NEWS

Indiana partners with Ancestry.com to digitize records

Bill McCleery
bill.mccleery@indystar.com

The Indiana Commission on Public Records has approved a contract with Ancestry.com to digitize more than 13 million birth certificates, death certificates, and marriage records, Gov. Mike Pence announced Thursday.

The birth and death certificates date back to the early 1900s, according to a news release, and the state’s marriage records are from 1958 through 2005.

The digitized versions of those records older than 75 years will start becoming available to Hoosiers in 2015, the release said, with completion expected by 2016.

The effort represents the largest online collection of state materials ever digitized, officials said.

“As we head toward the 2016 Bicentennial and celebrate Indiana’s past,” Pence said in prepared remarks, “this initiative serves not only present-day Hoosiers by improving accessibility to records, but also future Hoosiers as they look back at state history.”

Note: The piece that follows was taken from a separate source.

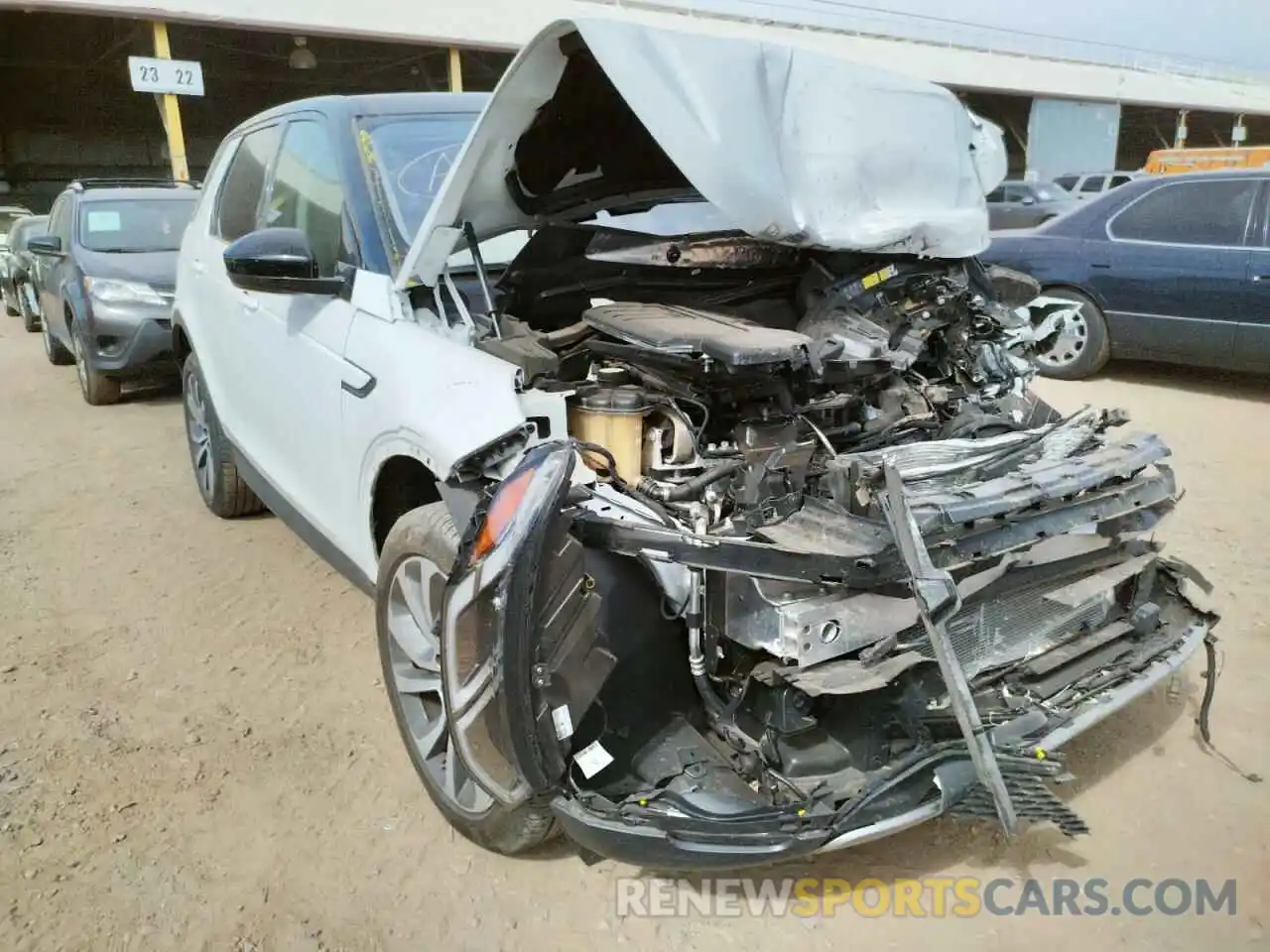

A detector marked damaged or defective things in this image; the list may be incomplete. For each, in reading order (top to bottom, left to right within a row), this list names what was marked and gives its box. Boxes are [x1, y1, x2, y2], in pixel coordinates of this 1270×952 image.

crumpled hood [396, 15, 1000, 289]
damaged white land rover [174, 15, 1223, 868]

The partnership saves state taxpayers more than $3.2 million in indexing, scanning and online access costs, according to the release.

Officials said the effort would have taken the state more than a decade to complete without the services of Ancestry.com, a for-profit genealogy website.

The online records will be available free through the State Archives but not initially. There is a three-year embargo so Ancestry.com can recoup its costs, the governor’s office said. However, the State Archives will be able to provide public access to the records at its Indianapolis location once the records are digitized.

Officials have been working on forming the partnership for two years, according to the release.